Although we were not able to record during the ritual, it is a moment I will never forget. The ritual lasted about 30 minutes and it was incredibly moving. We were informed that this was the first time CET Brazil was allowed to participate in a ceremony like this so I was extra grateful for the opportunity. Once the ritual was over we exited the opy and went back to Sandra’s tekoha. As the kind women prepared our lunch, we went outside and participated in Guarani activities.
Participating in Guarani Activities
The activities included many different past times of the Guarani. It was fun not only to experience the culture of the Guarani spiritually but also colloquially. This gave us moments to talk to other Guarani people in the village and inquire more about the way they live day to day.
The first activity I tried was bowhunting or zarabatana. This was something I have read about in many textbooks both in the States and here in Brazil so it was super fun to try it in real life! The target provided for us was a capybara and we all had fun taking turns trying to “hit” the capybara; I eventually ended up hitting one of the arrows close to the target’s eyes!
The next activity I participated in was body painting; I sat with some of the women and they painted different symbols on our palms and forearms. Each one meant something different and my cohort and I had a lot of fun discussing who got what. I personally receive a symbol meaning “cobra” or “snake.” This body painting was created with a material called genipa. This was a black liquid-like substance that was drawn on our wrist with a stick and meant to last about 2 weeks. It was very interesting to receive this painting and also talk with the women personally.
Once finished with the body painting, I watched some of the people in my cohort make jewelry! They were taught the traditional method of making jewelry by some of the Guarani people. They showed us examples of necklaces, bracelets, and even earrings.

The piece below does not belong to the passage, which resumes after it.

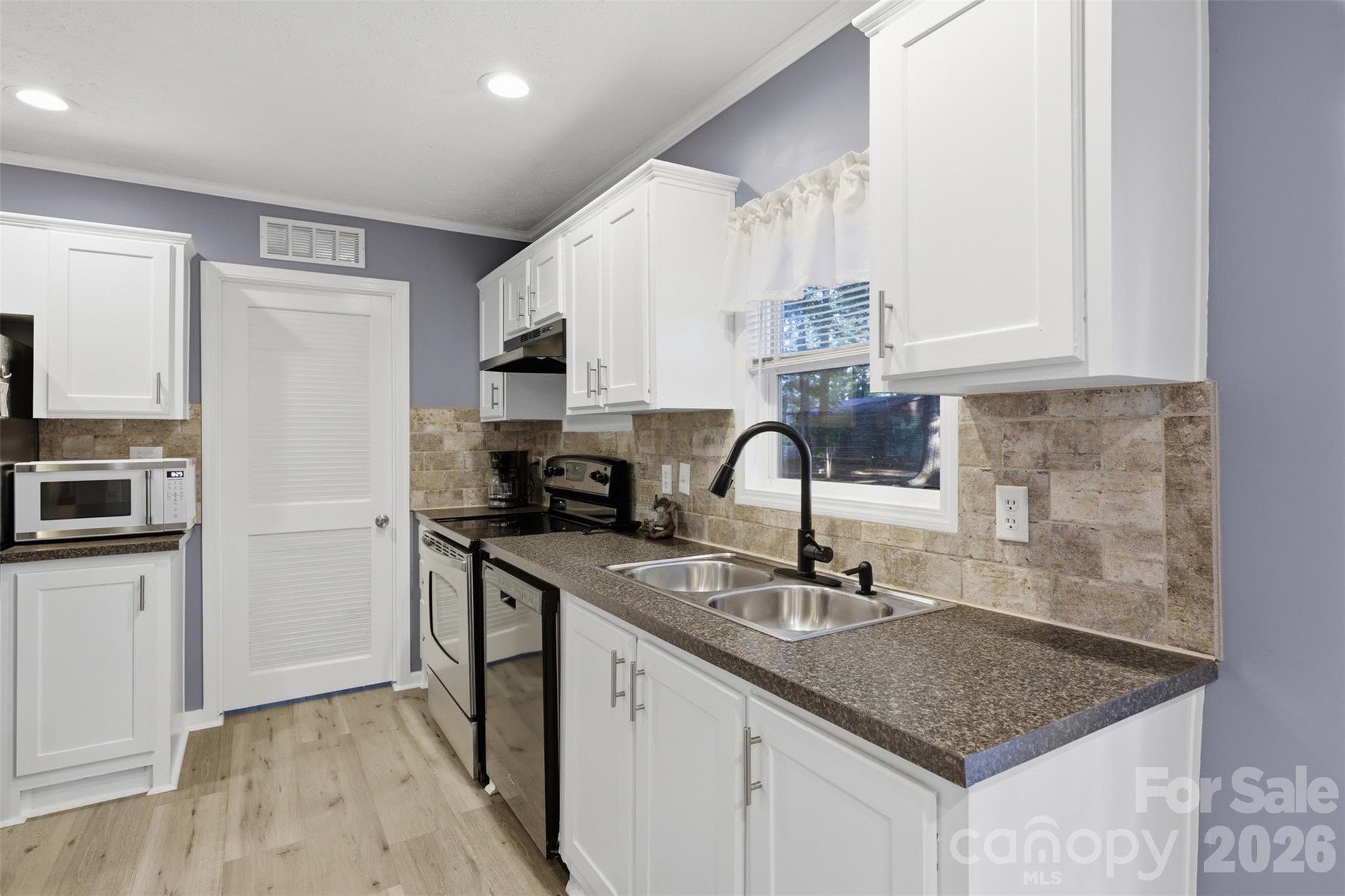 975 Jay Burke Road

Making the jewelry definitely took hard work and patience but the result was worth it. Everyone had so much fun and a personal item to remember our time spent in the village. Participating in these activities helped me feel closer to the Indigenous people and the overall Guarani experience.

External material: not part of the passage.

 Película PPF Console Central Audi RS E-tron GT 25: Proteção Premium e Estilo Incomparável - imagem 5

Once dinner was served and we ate more delicious food, it was time for a final debrief of the night. We met with all the people in the tekoha including Sandra and Araju. We discussed more about the ritual we participated in and the importance of what we did. They explained that all the food we ate in the day had been blessed and used with herbs and spices also present in the ritual.
In addition, we discussed other rituals that the Guarani perform and certain rules for these ceremonies. One thing that stood out to me specifically was the lack of specific clothing for the ceremonies. Araju explained that in the specific ritual we participated in, no special clothes were needed. We heard stories about Caciques and how they come about in a tekoha as well as other aspects of their community. We were able to hold a beautiful conversation around the fire pit with both the Guarani and my cohort.

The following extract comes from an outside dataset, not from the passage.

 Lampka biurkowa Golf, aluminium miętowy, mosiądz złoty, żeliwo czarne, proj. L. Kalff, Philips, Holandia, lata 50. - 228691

Something I made sure to take home with me is a message given to us at the end of the ritual. The message is important enough for me to share with the blog as well–by learning about the Guarani and other Indigenous peoples, we close the gap between urban culture and theirs. In addition, we learn about their way of life and the respect they give the world around them. Thus, it is our responsibility now to uphold this idea and continue to respect the land the same way they do. This was an amazing experience that I will remember for a lifetime!